First up is decimate. I am going to begin a little campaign to raise awareness of the inadvertently ludicrous misuse of this word.
Decimate does not mean "reduce to a tenth of its former self". It means, "reduce BY a tenth." Originally, it meant to kill one man in every ten of a mutinous army. Charming.
Therefore, if you say, "OMG, I have completely decimated that bar of chocolate," my response would be, "Gosh, how very abstemious. Why didn't you have more?" And you'd look at me strangely.
So, next time you want to say that something was almost destroyed or at least terribly badly affected, you do yourself no favours by using decimated. If you see me a few other sticklers suppressing a knowing smile, I apologise. A bit. But you may now join the Crabbit Sticklers Club.

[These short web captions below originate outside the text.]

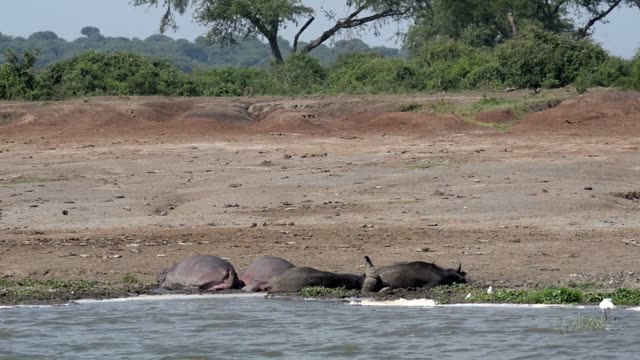 Hippos And Buffalo At Water Edge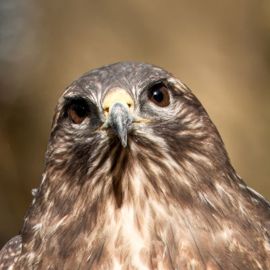 Buizerd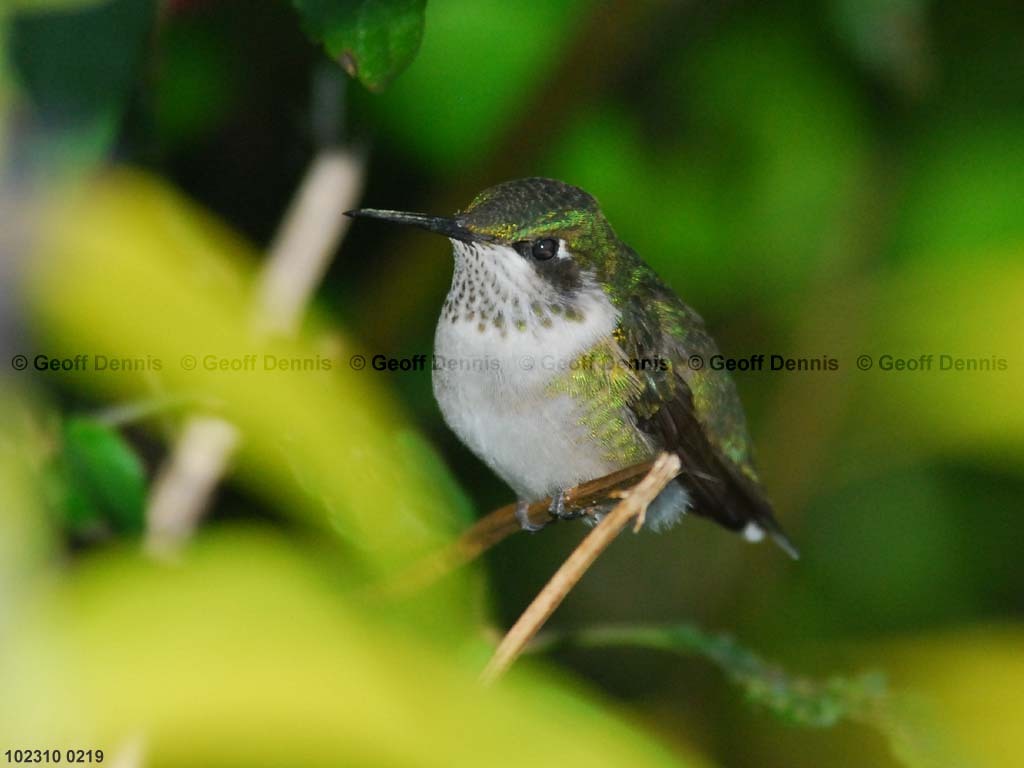 RTHU-1-BF_Ruby-throated-Hummingbird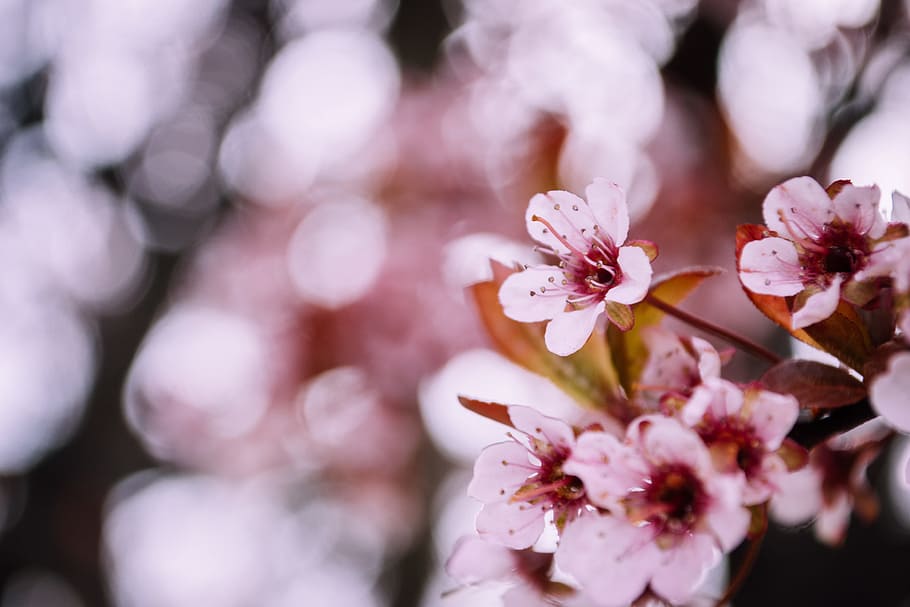 Selective Focus Photography of Cherry Blossom, bloom, blooming HD wallpaper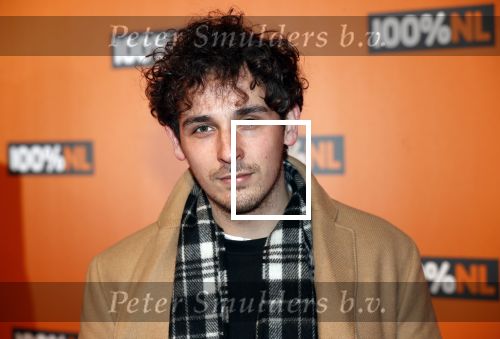 Amsterdam 7 februari 2019
Uitreiking 100%NL awards. Nielson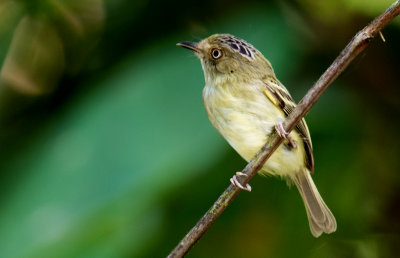 Lophotriccus vitiosus.jpg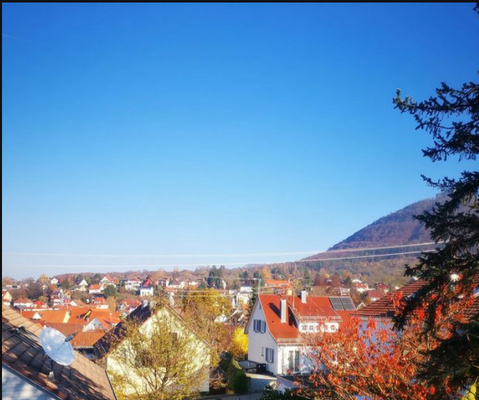 Neuffen Blick zur Burg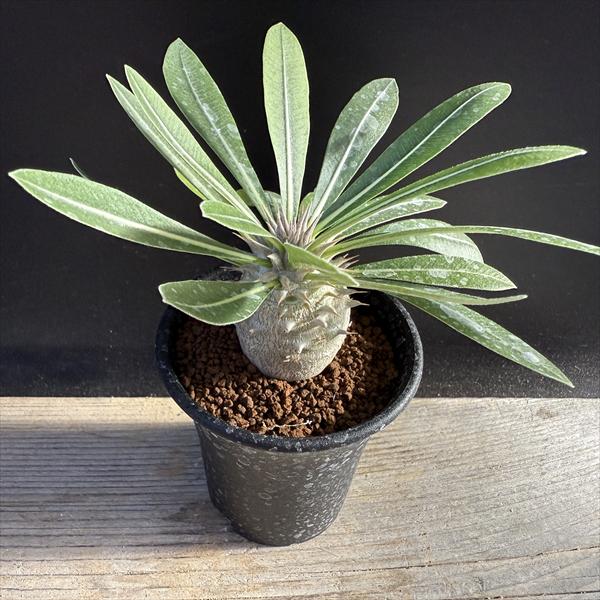 ���ò��������ǥå������ѥ��ݥǥ����� �������� ����*M��������3.5���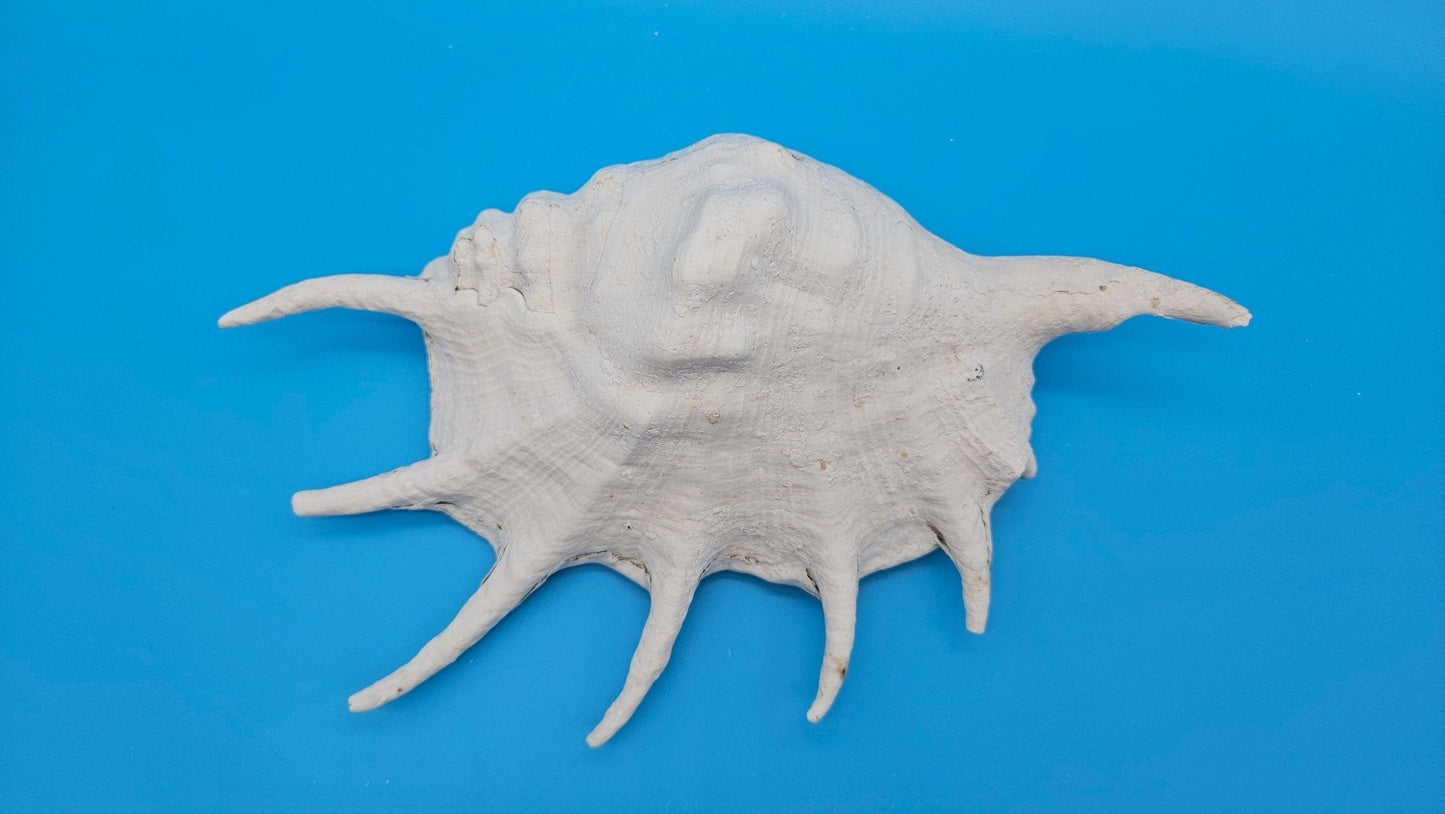 White Lambis Truncata Shell (Lambis truncata) – 11.75"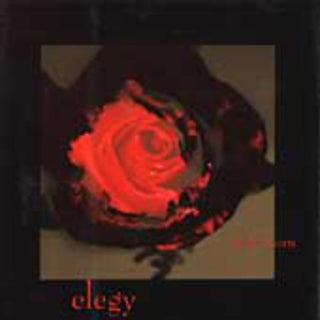 the album cover for John Zorn - Elegy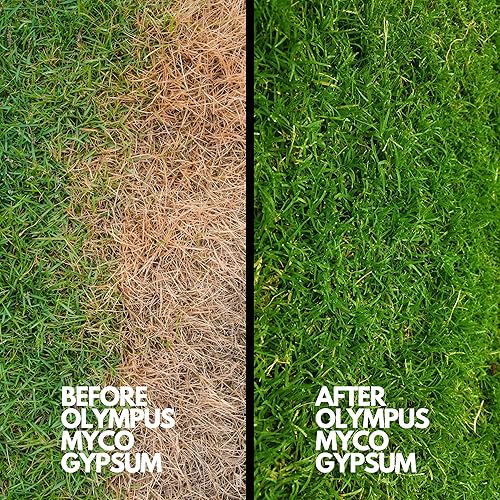 Miniatura 6 de Olympus Myco Polvo de yeso (sulfato de calcio dihidratado) para enmienda del suelo y sustrato de hongos  1 lb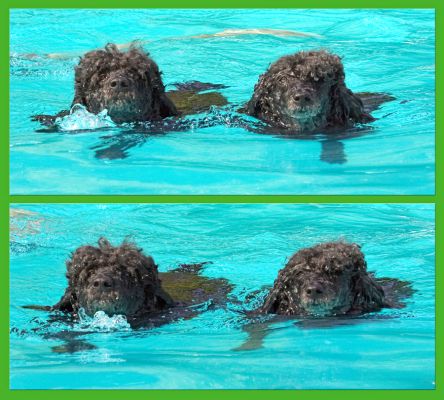 Synchronised swimming
Ключови думи: Bali India Miniature poodle
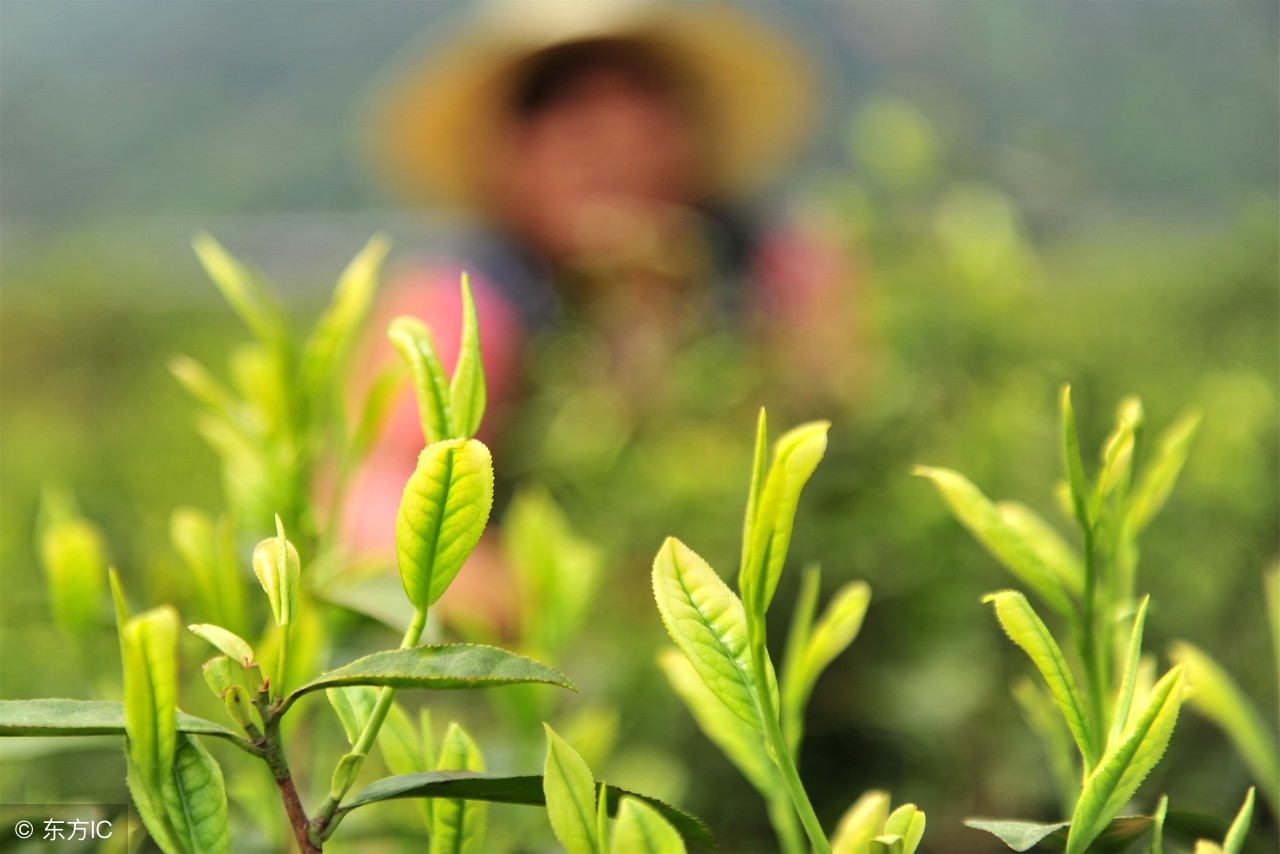 安吉白茶名为白茶实为绿茶,安吉白茶浙江白茶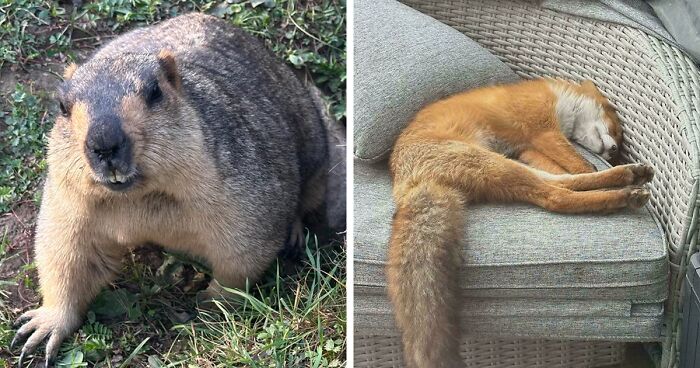 58 Wild And Wholesome Animal Encounters That Took People By Surprise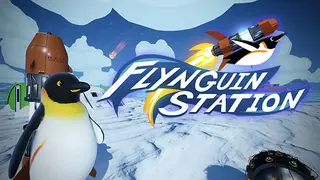 Flynguin Station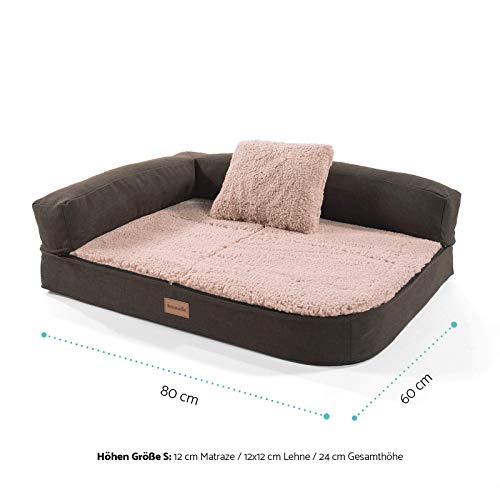 brunolie Odin Sofá para Perros pequeño Beige, Lavable, ortopédico y Antideslizante, Cama para Perros con Bordes extraíbles, Tamaño S (80 x 60 x 10 cm)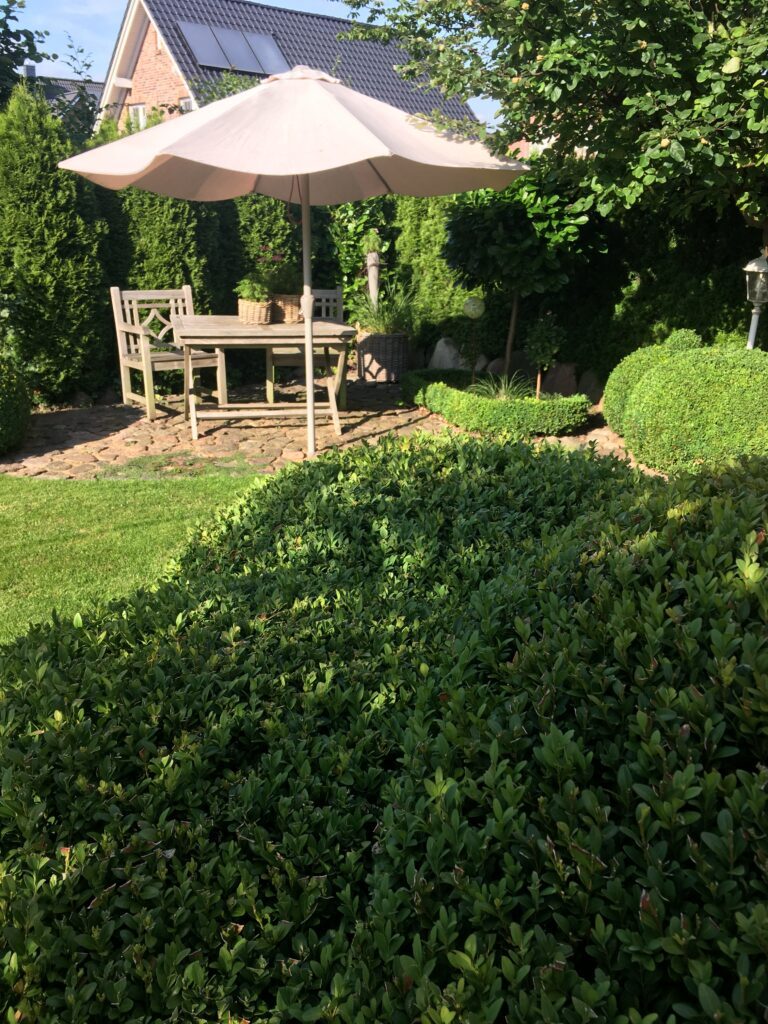 IMG 7624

On the other hand, I'm no tyrant: if you want to carry on using decimate wrongly, you may. But I think you'll find you no longer want to.
Brainwashed. Bwahahahaha.
28 comments:
Miaou! Would you care to come and teach word-power skills to the journalists of our state newspaper? They use "decimate" and "goaled" and "powered through" and some other unlikely words.
Words change their meanings through time, don't they? Webster's dictionary has two meanings - the first exactly as you say - and the other meaning - to wreak havoc.
All synonyms are to do with the wreaking havoc bit, rather than the other.
I will find another word from now on, just in case a reader has a classical education and assumes I mean less havoc than I actually do.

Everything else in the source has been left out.